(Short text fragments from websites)
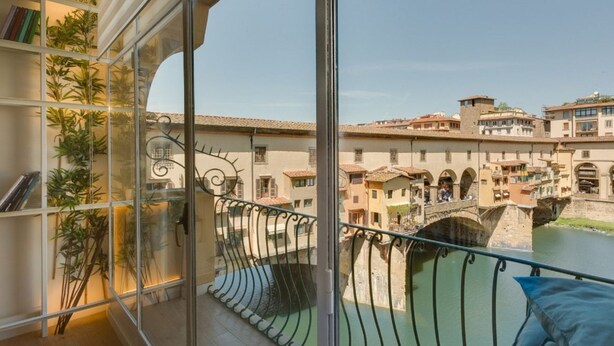 Un balcón con vista a un río y edificios históricos.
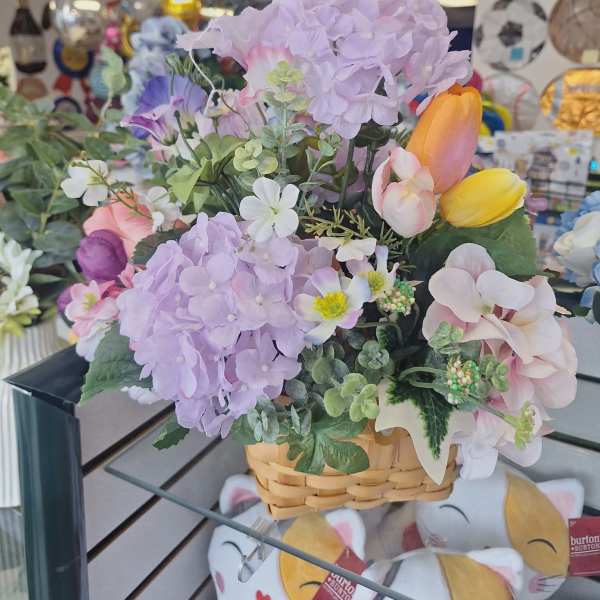 Basket of pastel artificial flowers with hydrangeas and tulips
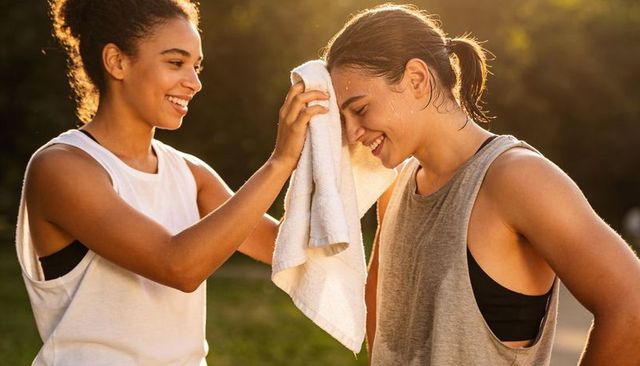 Partners cooling down after workout wiping sweat with towel during golden-hour outdoor fitness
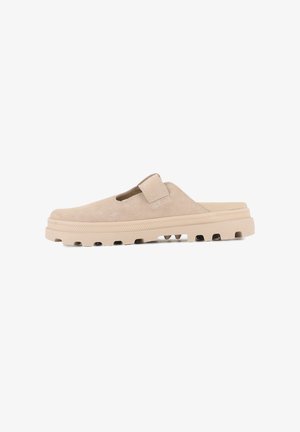 Chaussure slip-on en suède beige avec une semelle plate et texturée ainsi qu'une sangle velcro. Elle présente un bout arrondi et des découpes sur les côtés pour la respirabilité.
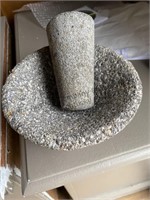 An unpolished heavy granite mortar and pestle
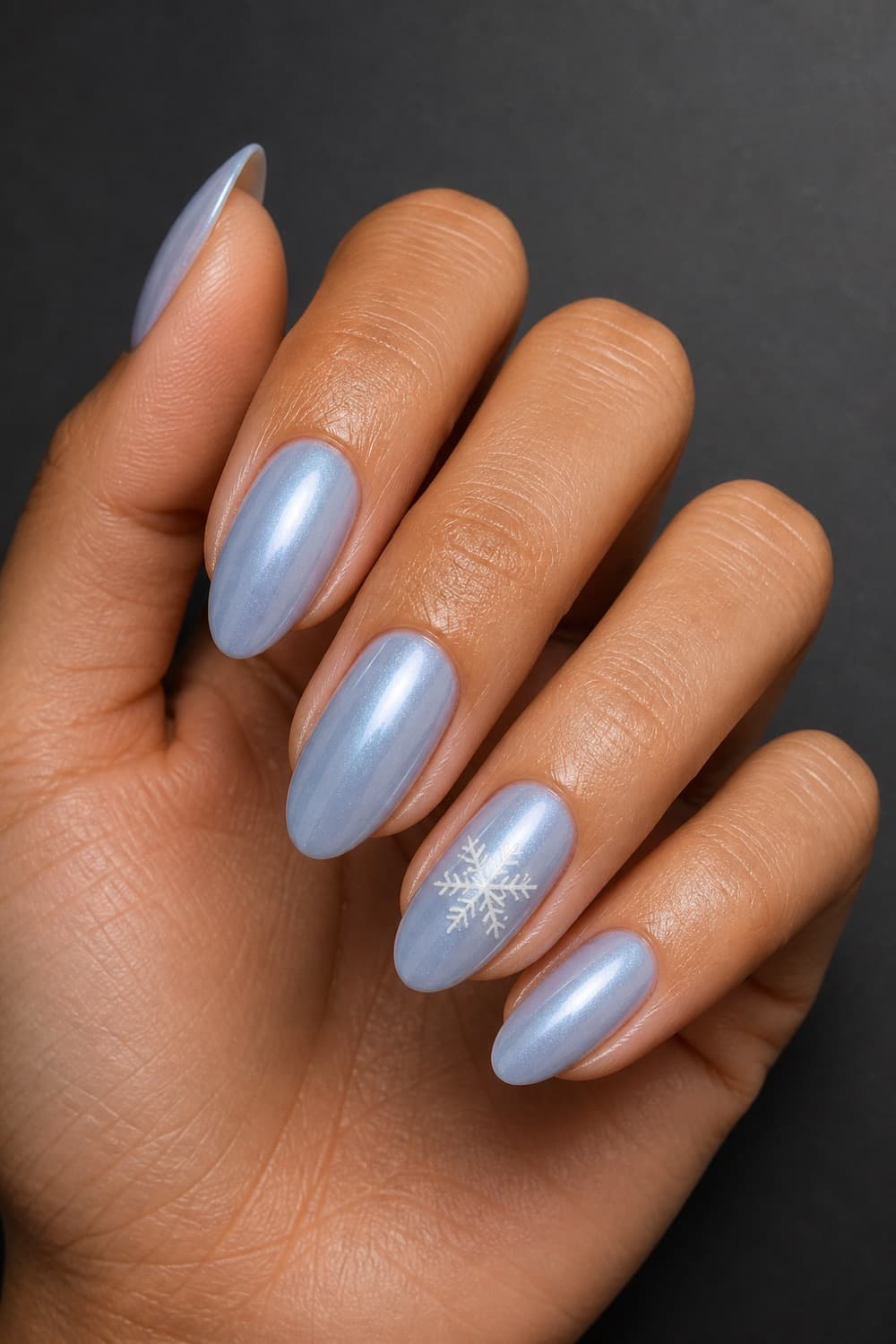 Medium almond Christmas nails with icy blue pearl polish and one delicate white snowflake accent.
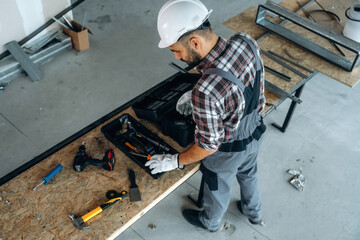 Wooden table with metal foundation. A man is renovating an unfinished room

**Task instructions:** Repeat every entry above word for word, and include no pictures.

**Your solution:**
 Un balcón con vista a un río y edificios históricos.
 Basket of pastel artificial flowers with hydrangeas and tulips
 Partners cooling down after workout wiping sweat with towel during golden-hour outdoor fitness
 Chaussure slip-on en suède beige avec une semelle plate et texturée ainsi qu'une sangle velcro. Elle présente un bout arrondi et des découpes sur les côtés pour la respirabilité.
 An unpolished heavy granite mortar and pestle
 Medium almond Christmas nails with icy blue pearl polish and one delicate white snowflake accent.
 Wooden table with metal foundation. A man is renovating an unfinished room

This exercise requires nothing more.